Peer review standards

CRCL advocates a specific format of peer-reviewed cross-disciplinary research: after an article has been accepted following double blind peer review (6-8k words, excluding references) it will be replied to by a scholar or scientist of another discipline (1k words), followed by a brief response by the original author (500 words).

The idea for the reply is not necessarily to refute the argument of the main text, but to explain to what extent it makes sense from the perspective of the other discipline, potentially contributing to a new research agenda between law and computer science and/or other disciplines.


To promote editorial transparency and emphasise the types and quality of paper we are looking for, we are publishing our reviewing standards for the benefit of both authors and (potential) reviewers. Peer reviews are structured according to the following sections, which are provided, as appropriate, to the author.

1. Overall evaluation

A succinct summary of the key strengths and weaknesses of the paper.

2. Relevance

An explanation of whether and why the paper is or is not relevant for cross-disciplinary research into computational law. 

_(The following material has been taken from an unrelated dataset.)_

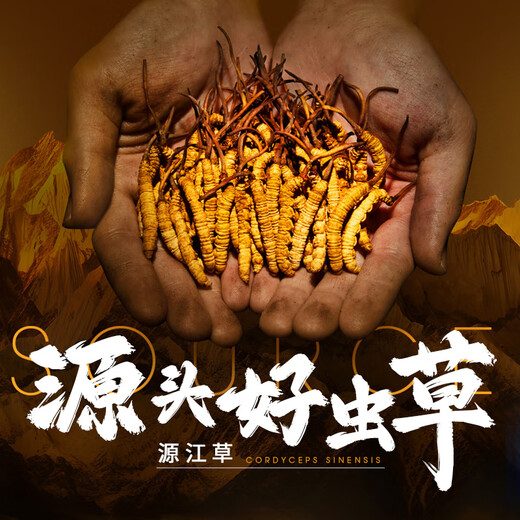 源江草冬虫夏草大号断草35克断虫草 滋补品送长辈家庭装【好滋补认证】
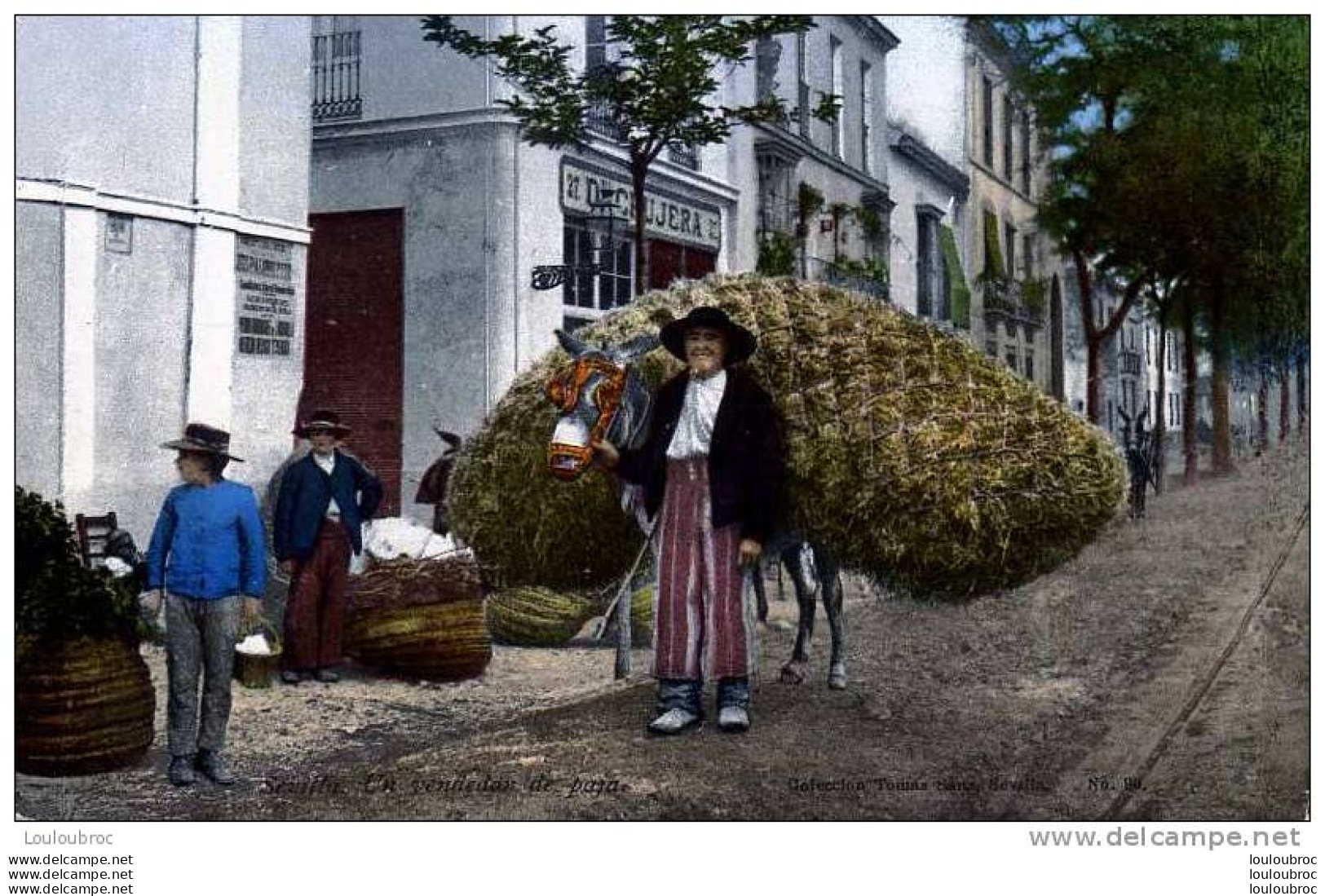 SEVILLA UN VENDEDOR DE PAJA COLL TOMAS SANZ - Sevilla (Siviglia)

We may accept papers that do not target legal tech but are nevertheless highly relevant for:

  1. key issues of legal technologies, for instance because they discuss software verification, machine learning techniques or assessment of algorithmic decision-making, or
  2. key issues of rule of law and its technological underpinnings, notably including the nature of legal protection in text-driven law.

3. Originality

The extent to which the paper contains novel ideas or new contributions to existing legal or technical frameworks that are relevant to the focus of the journal.

4. State of the art

Whether the paper cites the relevant literature, demonstrating a mature understanding of the relevant domain.

5. Added value

Papers can contribute by means of new ideas capable of transforming the scientific disciplines that are at stake (law, computer science, STS, philosophy, political economy).

The added value may also consist in contributions to well-written and well-argued insights in the primary discipline that are highly relevant and not obvious for scholars of the other relevant disciplines. This will clearly require excellence on the side of the state of the art.

6. Structure and substantiation

Whether the paper exhibits a clear argumentative structure, making sure that conclusions follow from the points made. Depending on the claims made, and the discipline involved, have these claims been properly substantiated?

7. Language

Whether the paper is written in a style that is appropriate for the arguments made, and is comprehensible across disciplinary borders, taking note that one may expect readers to make an effort.